On the other hand, Akhilesh is the child who has to grow up too soon. He is the de facto head of his household, consisting of his grandmother and a maid. He pays on behalf of Bhasker Mani for the road trip. Both he and Bhasker are an unexpected mix of an adult and a child. Bhasker tends to get physical in confrontations. Akhilesh hitches most of their rides. Bhasker considers only coins as money. Akhilesh stares helplessly at the man who snatches his cash away.

Mysskin’s portrayal of Bhasker simultaneously differs from and echoes Wolf from Onaayum Aatukuttiyum. Wolf’s suave façade strongly contrasts with Bhasker’s blunt nature – till he breaks down in a monologue towards the climax. (The monologue of Nandalala is delivered by a prostitute who narrates her fall into the abyss). His haunting past unmasks his collected persona and drives him to a different type of insanity. The ending scene of OA has a similar quality – Chandru carrying the girl echoes and contrasts with Bhasker carrying his mother away from the chains that tie her. [On a side note: The wide-angle shots that Mysskin loves are ubiquitous here. There’s a fun 10-second cameo by Nasser who unwittingly saves the protagonists by dozing off while driving a truck.]

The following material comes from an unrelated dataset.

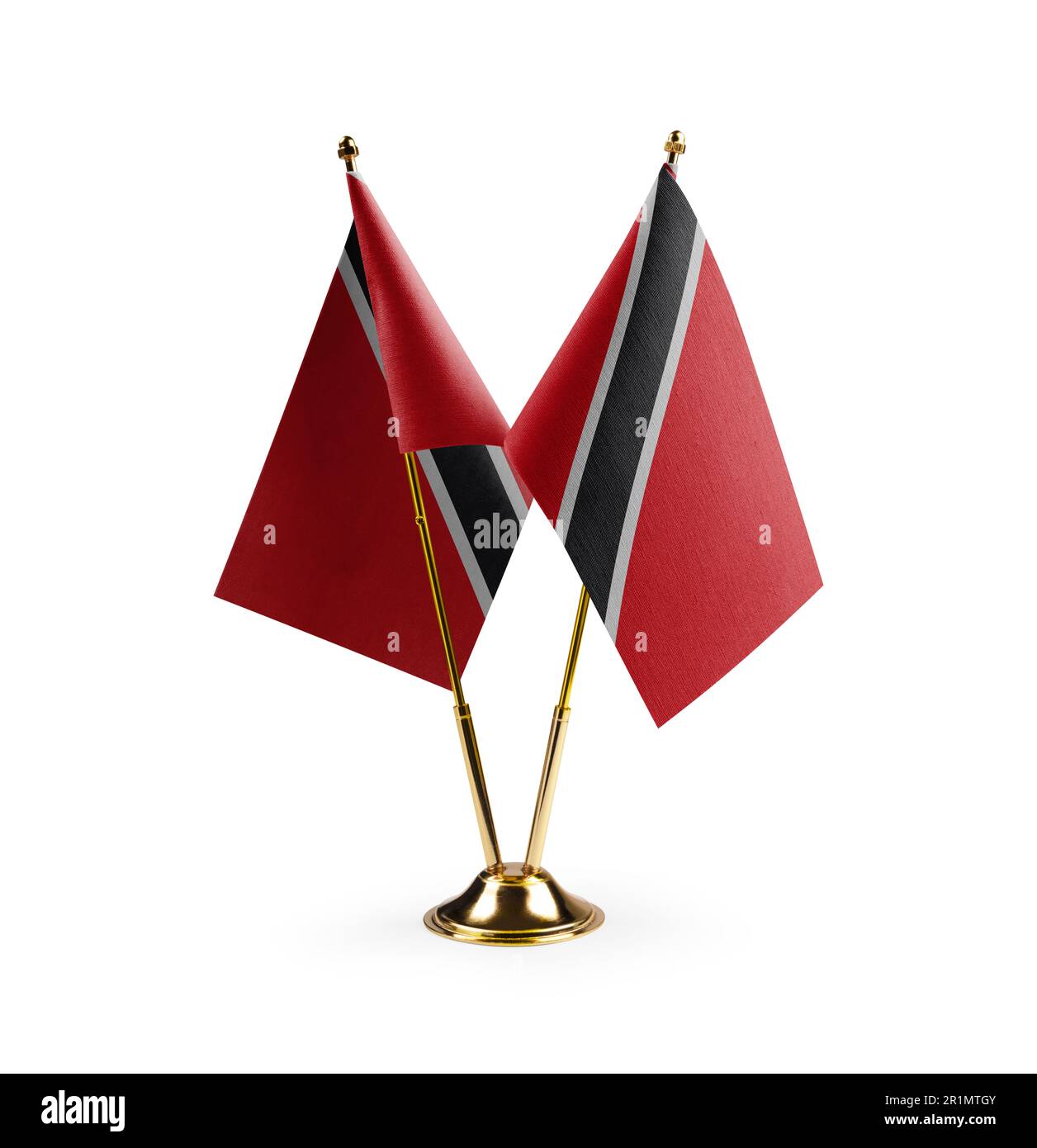 Piccole bandiere nazionali di Trinidad e Tobago su sfondo bianco. Foto Stock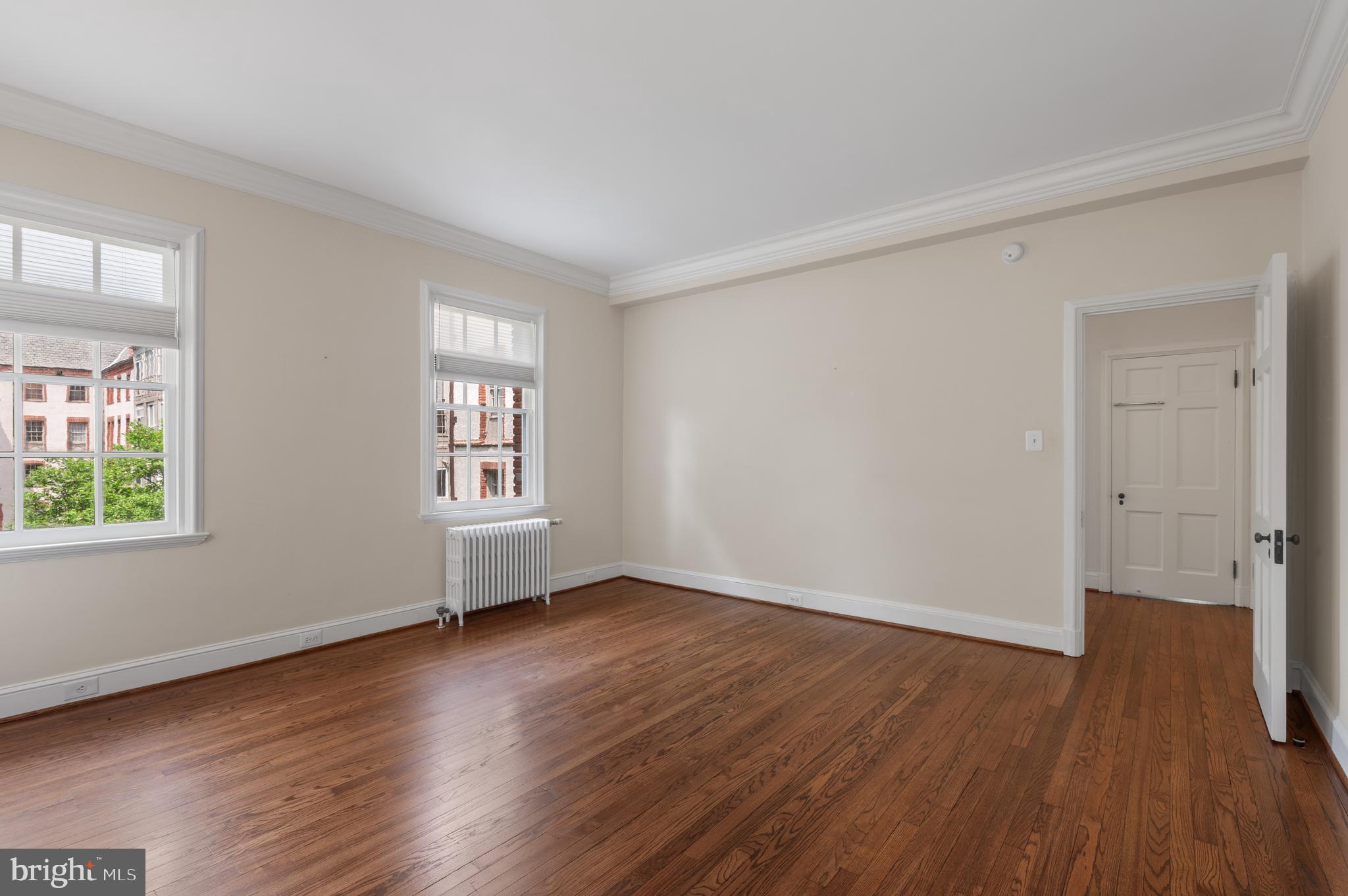ROLAND PARK - Residential Lease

While the characterisations of the protagonists in KD and Nandalala are similar, the films have vastly different moods. Nandalala is deeply philosophical with tragicomic undertones. KD is almost entirely, a comedy film.

In this case, the adult (cynic) and the child (happy) in the equation are distinct. Kutty is the ‘grown-up’ and KD is the kid. Take this incident – KD eats mutton biriyani in an eatery with relish every day, oblivious to the owner who is using him for marketing purposes. It is Kutty who demands a share in profits of the eatery. Kutty has the ego of an adult too – he refuses to step foot in the temple when he is slighted by the trustee.

The characters act ‘age appropriately’ in two cases – when they visit a waterfall and when Kutty gets a chance at education. In the first instance, the place reminds KD of the thalaikoothal that almost happened to him and insists on leaving while Kutty refuses adamantly. In the second case, KD gives an old man’s advice on the importance of education. Kutty reluctantly gives in and agrees to study in the end.

The device of a road movie offers scope for introducing a varied array of characters and events incidentally. Characters can be fleshed out with multiple instances of external conflict without the latter seeming contrived. Bhasker Mani repeatedly tries to defend those who are powerless – he has some innate sense of good. In a marvelous stretch, Akhilesh tries to fend off a police officer by incessantly spouting out a nonsensical rant in English. KD achieves his lifelong dream of emulating MGR. Kutty can be smooth tongued if he wants to – he gets a bottle of wine for KD after convincing another man to give it away.

On watching the two films, this nagged me – what if it were Valli and her granddaughter that had went on this road trip? Is it even plausible for them to do so? With the imminent dangers of the world at night, that story might be realistic in a fantasy world alone.